The shell is paper-thin, with a delicate crunch...The meat filling just lay there like ballast, but the lettuce was fresh and crisp and the grated Cheddar had an assertive tang. In other words, for what it is, the Doritos Locos taco is pretty good.
And Grimes wasn't satisfied merely giving the hybrid snack a nibble. He set out to probe the secrets of it's cheese-and-spice infused shell, delving deep into the subtleties of the "orange dust problem."
Homemade Tater Tots with a Cheddar Habanero Sauce
We're not sure how you could go wrong with this recipe from teenytinykitchen. And just imagine what other foods you could pour that spicy, cheesy sauce over...

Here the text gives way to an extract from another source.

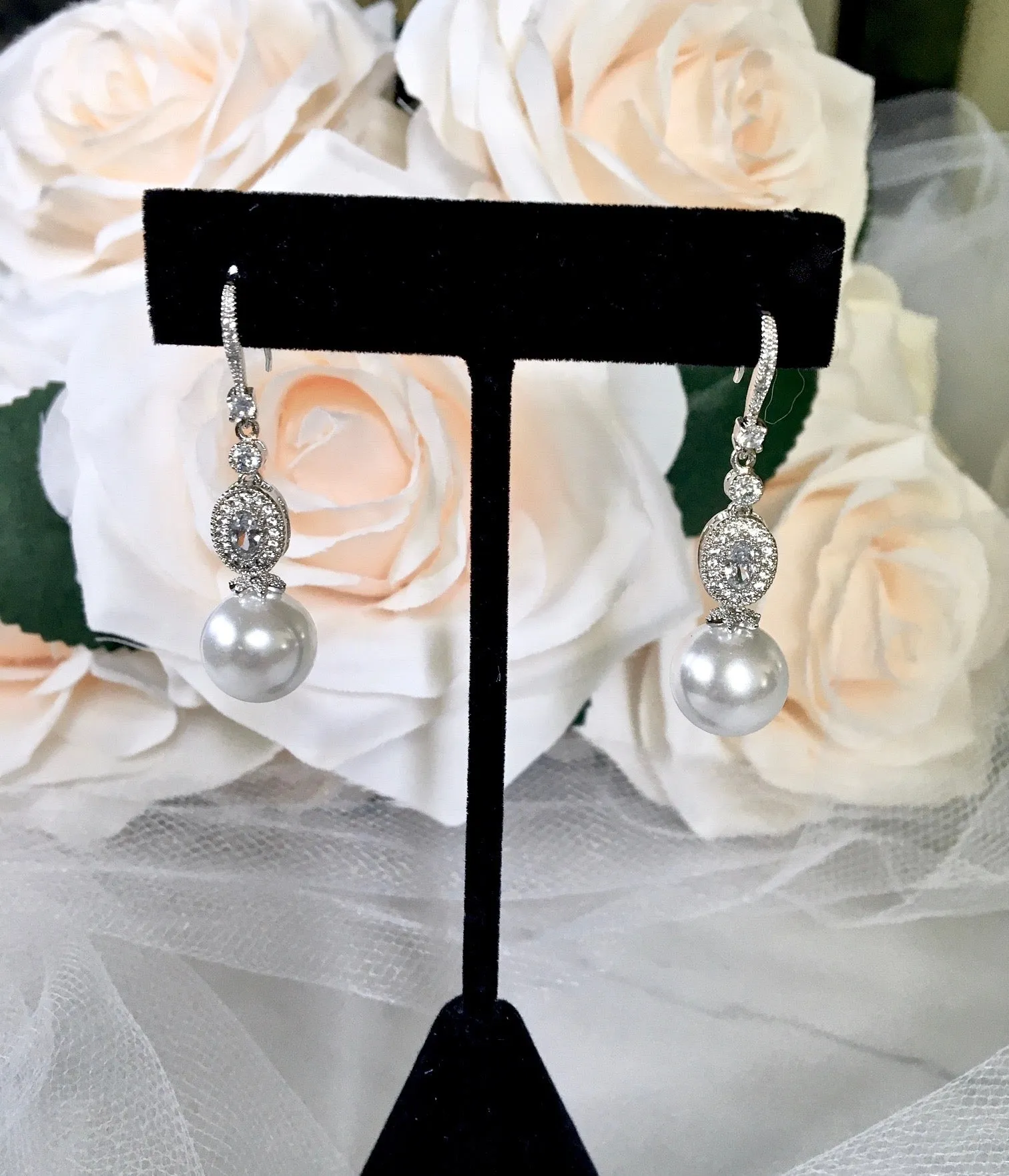 "Madelynne" - Pearl and Cubic Zirconia Bridal Earrings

40th SOFI Awards Announced
The winners of the 40th SOFI (Specialty Outstanding Food Innovation) awards were announced yesterday at the Summer Fancy Food Show in Washington D.C., and a healthy number of dairy companies accepted honors for their tasty entries:
Our friends at Vermont Butter and Cheese Creamery swept up quite a few coveted titles, snagging Best Cheese or Dairy Product with Bonne Bouche, and Best Perishable Foodservice Product with cultured butter, as well as Overall Product Line.
2011 ACS winners Rogue Creamery made a showing at SOFI, too, for best USDA-Certified Organic Product with their Flora Nelle.
Big Picture Farm gained the honor of Best Confection for their goat milk caramels.
Pizza Baked in a Vending Machine?
We've had delivery at our doorstep, we've had DiGorno in our freezers, and now, pizza in our vending machines.
That's right, pizza vending machine "Let's Pizza" will be invading the U.S. this year. The machine has already seen success in Italy, where it was first launched. The most intriguing thing about this machine is that it actually bakes 'fresh' pizza - only after the customer makes a selection does the machine roll and knead the dough, finish it with sauce and cheese (or up to 200 additional toppings) and bake it. The mark of a glorious new era of food technology, or the end of Western civilization? Maybe both.
Simple Summer Treats with Goat and Feta Cheese
The Guardian's Nigel Slater brings us two delightful, summery recipes featuring cheese and garden fresh veggies. Included are Slater's recipes for goat cheese and lemon thyme tartlets, a fresh radish and cucumber salad, and a grilled lamb with cool minted feta.
I really should cook more often with the mildly salty, snow-white sheep and goat's cheeses of which I am so fond. I did so twice this week – first in some little tartlets of thyme and cream, and then whipped up into a herb cream to accompany some grilled lamb cutlets. The first, a crusty goat's cheese, cream and grey with mould outside, white as chalk within, was crumbled into cream and egg for some goat's cheese tartlets. Seasoned with thyme leaves cut from the pot on the back porch, the biscuit-sized tarts were in the oven in a matter of minutes.
Marcella sits down with Wisconsin Master Cheesemaker
Blogger Marcella the Cheesemonger interviewed Kerry Henning, a Wisconsin Master Cheesemaker and the 4th generation Henning to take the reins of Henning's Wisconsin Cheeses. What makes a 'Wisconsin Master Cheesemaker?' (it's an official title) Read on to find out.
Spaulding: You are known for making huge wheels of cheese. What is the biggest wheel you’ve made and for whom did you make it?
Kerry: The largest wheels we have ever made were 12,000 pounds.
SG: Holy smokes, did you say twelve thousands pounds?
KH: Yes, that’s a 6 ton wheel of cheddar. We have made several of these. They are purchased by customers for special events.